Ideas for Google Summer of Code/Bilingual dictionary enrichment via graph completion

From Apertium
Jump to navigation Jump to search

Apertium bilingual dictionaries establish correspondences between lexical forms in a number of language pairs that may be used to infer new entries for existing or new language pairs using graphs.

Some of this work may be done by exploiting the RDF version of the Apertium bilingual dictionaries [1,2].

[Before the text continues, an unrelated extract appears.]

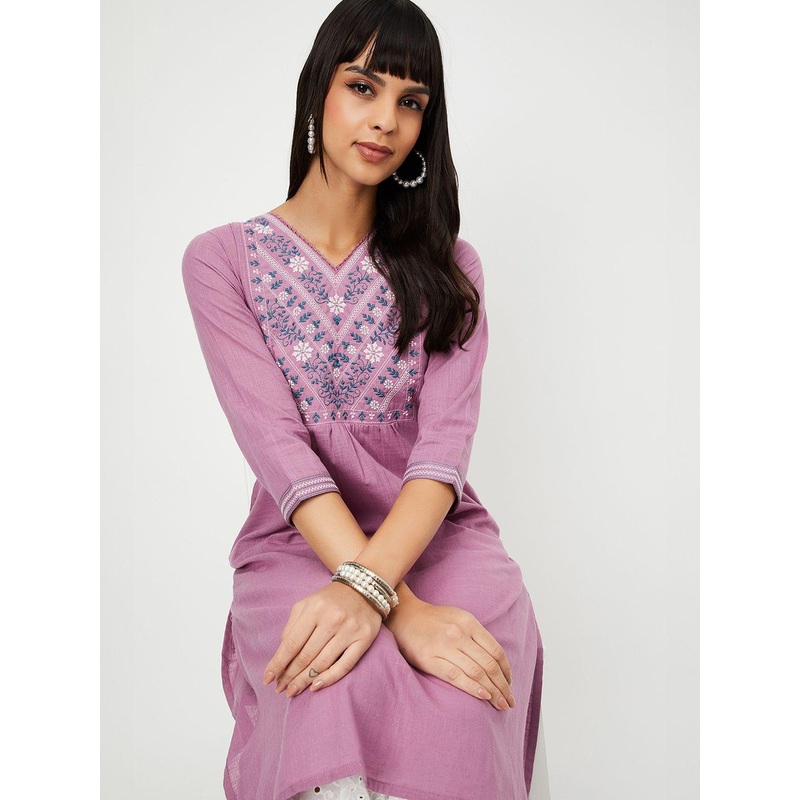 max Embroidered Thread Work V Neck A Line Kurta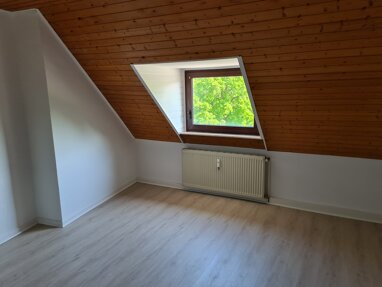 Wohnung zur Miete 315 € 2 Zimmer 44 m² 3. Geschoss Bahnhofstr. 4a Obermeiderich Duisburg 47138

In a nutshell, RDF (based on the subject-predicate-object pattern) is the core representation mechanism of the so-called linked data cloud. This can be seen as the counterpart of the traditional Web (in which documents, e.g. web pages, are connected by hyperlinks, typically to be navigated by humans). In linked data, entities are connected among them in a graph and relevant information is stated about them. The cloud of linked data is intended to be navigated by software agents primarily. In the case of Apertium RDF, the graph nodes are the set of lexical entries, lexical senses, and translations, among other entities, coming form all the bilingual dictionaries. Interestingly, a unique identifier (URI) has been assigned to any of such entities at a Web scale (e.g., [3]) and can be the entry point for a software agent to navigate the graph. Another way to exploit the graph is by querying it through a SPARQL endpoint [4].

The project will:

  • comparatively study dictionary enrichment directly from bilingual dictionaries in the .dix format or via the existing RDF graphs, using the ideas in a paper under public review and ideas that had already been proposed in Apertium (e.g. removing a dictionary and checking how much of it can be recovered).
  • if the solution via RDF graphs works, establish a .dix to RDF conversion using XSLT or other XML processors, and a backward conversion from RDF to .dix, studying how much is lost in the roundtrip, and defining a mitigating strategy in that last case.
  • if the direct route is used instead, start from dixtools code and implement the graph completion strategies
  • study possible use of data linked to the RDF to enrich the dictionaries, when the license of the linked data allows for republication under the GPL license of the dictionaries.

Coding challenge: a toy task related to the main task in this idea: use XSLT stylesheets or light (e.g. shell-scripted) XML processors to extract a number of "easy" dictionary entries from a set of dictionaries, convert them to some suitable format for a graph, and obtaining a number of "easy" new bilingual correspondences from the graph.